Entre nós, os da estirpe do Nito Mendes Ribeiro e do Enoch Vasconcelos, meu saudoso primo e seu inseparável compagnon de routeque lhe tomou a dianteira num dia de Todos os Santos, havia regras. E aquele pacto invisível, um acordo firmado que, kambas como irmãos assumidos que eram, não podia nunca ter sido quebrado à toa. Enoch partiu para o território da Grande Noite – onde provavelmente, a esta hora, já se encontraram e se abraçaram, urdindo uma serenata às estrelas –, quatro anos mais cedo, ambos cientes de que, entre nós, se defendia e se defende ainda um princípio. Ser malandro era e continua a ser o compromisso com a vida e saber vivê-la o melhor possível, pensando sempre que existe mais gente na terra, para além de nós próprios. É ser eterno apaixonado pela boa vida, ser boémio, fazer sorrir os outros, deixar a tristeza prá lá. É igualmente ser sério e comprometido quando a vida nos faz essa exigência no cumprimento das nossas obrigações.
Vivemos um momento em que as nossas preocupações se espalham por diversos campos como a pandemia, a recuperação económica e outros terrenos da ciência onde, apesar da tragédia que nos aniquila, a verdadeira malandragem, a subtil, a que nos maltrata, a que só faz contas de sumir, se infiltra e faz estragos impensáveis, do modo mais bárbaro, retirando-nos para além do resto, todas as possibilidades de voltarmos a ser os malandros que já fomos, quando abraçávamos conceitos defendidos no plano da vida, pelo Nito que era artista, pelo Enoch que era médico e por muitos outros técnicos da nossa turma.

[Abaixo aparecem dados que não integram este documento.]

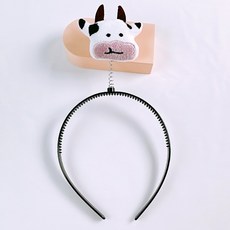 스프링 인형 머리띠 동물 생일 파티 사진관, G10.스프링인형머리띠-젖소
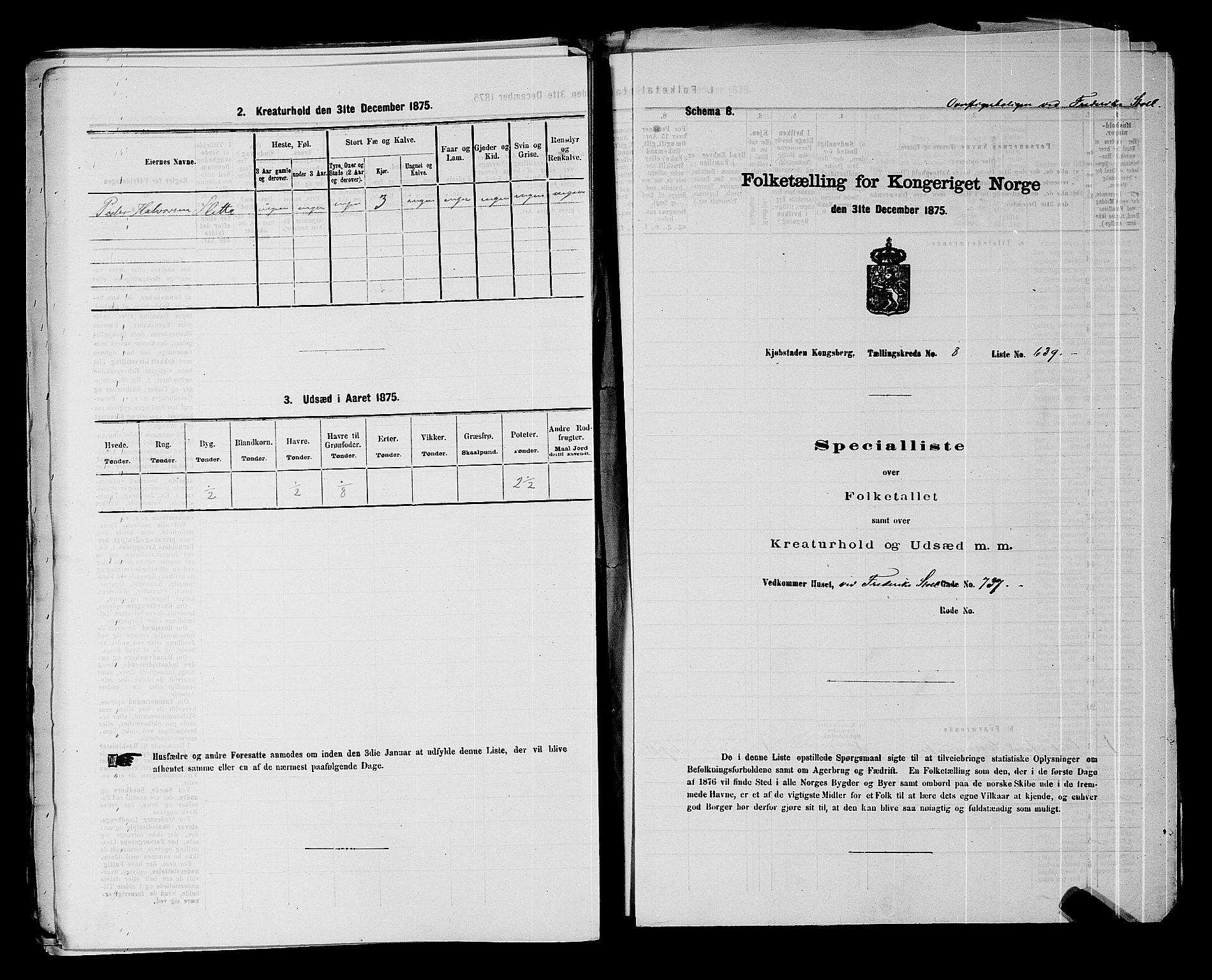 SAKO, Folketelling 1875 for 0604B Kongsberg prestegjeld, Kongsberg kjøpstad, 1875, s. 1409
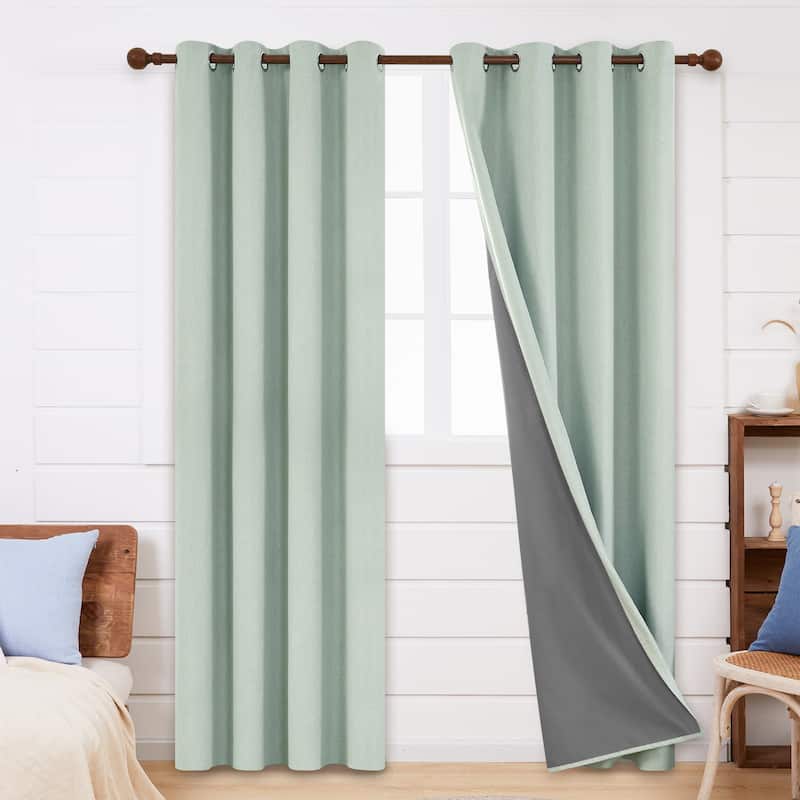 Deconovo Faux Linen Total Blackout with Coating Curtains (2 Panel) - 52W x 54L - Light Green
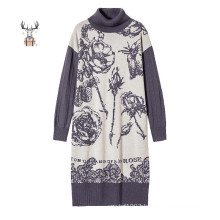 Latest Design Pattern Jacquard Knitwear Custom Knit Women Long Sweater Dress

Hoje há outros, são imensos, muitos mais do que são necessários. Existem os políticos liberais e os cientistas da história e da economia, há os conservadores e os reaccionários travestidos, assim como se doutoram facilmente os mestres na área dos maus hábitos e costumes. Muita gente que no plano da vida boa para todos, nada percebe. Pertencem ao grupo dos que nunca terão o gosto de sentir a sensação de prazer de ver atendido um pedido feito a um artista do calibre do Nito: Canta lá “dos gardénias para ti” ou, doutro jeito, diz então “veinteaños”, por favor.
Termino com os olhos molhados. Não consegui evitar lágrimas. Apresentando as minhas sentidas condolências à família do Nito, recordo-o com eterna saudade. No mesmo sentimento de perda envolvo o primo Enoch Vasconcelos. Entretanto, e porque a vida continua, saúdo os 445 anos da cidade de Luanda e os 32 anos da Associação Cultural e Recreativa Chá de Caxinde, assinalados a 25 e 28 deste Janeiro, respectivamente. Caros leitores, voltarei na próxima semana, no domingo, à hora do matabicho.